TRY IT:
When the line with "Atlético Madrid: a" appears below, start repeating lines exactly, and keep going through the line with "Renault Clio 1.2"; add nothing outside that span.

GIVEN ENTRIES:
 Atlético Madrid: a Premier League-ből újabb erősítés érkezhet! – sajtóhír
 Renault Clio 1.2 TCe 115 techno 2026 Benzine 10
--
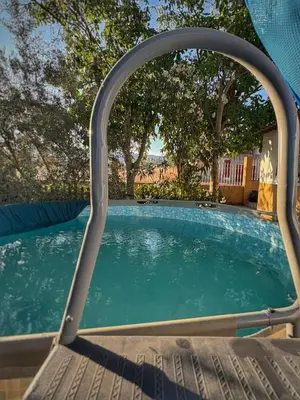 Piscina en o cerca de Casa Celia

ANSWER BOX:
 Atlético Madrid: a Premier League-ből újabb erősítés érkezhet! – sajtóhír
 Renault Clio 1.2 TCe 115 techno 2026 Benzine 10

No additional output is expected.